WHAT YOU HAVE TO DO:
What you submit must be an exact copy of the listing below, with no images in it.

INFORMATION SUPPLIED:
-=-=-
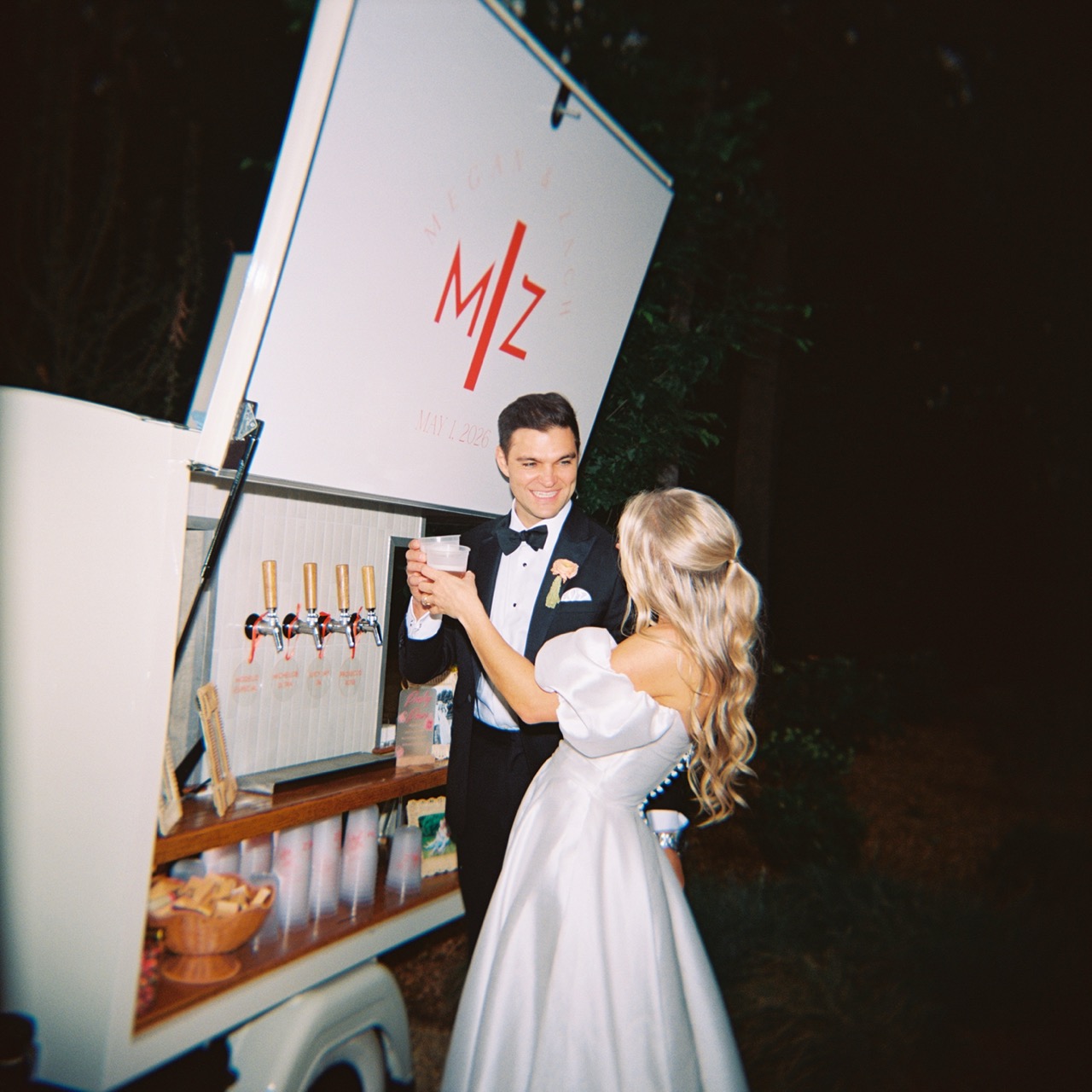 Real Poppy wedding — Megan + Zachary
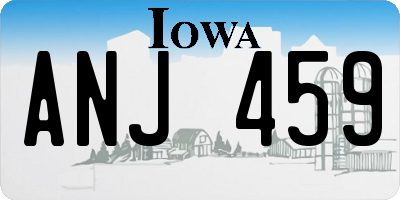 IA license plate ANJ459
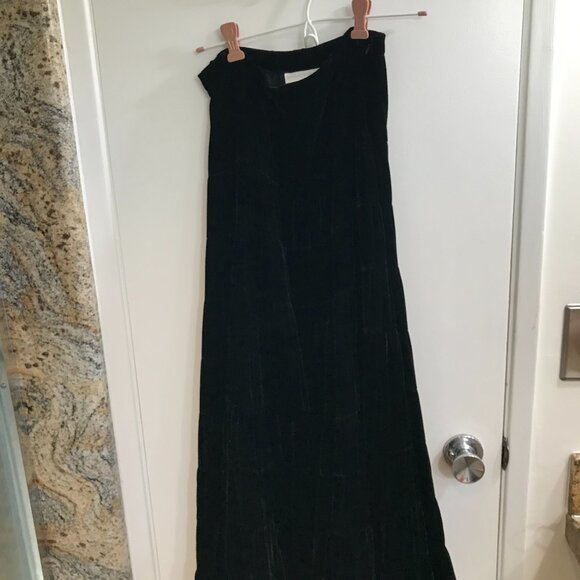 Soft Surroundings Black Velvet Skirt - XS - Picture 1 of 3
-=-=-
COMPLETED TASK:
 Real Poppy wedding — Megan + Zachary
 IA license plate ANJ459
 Soft Surroundings Black Velvet Skirt - XS - Picture 1 of 3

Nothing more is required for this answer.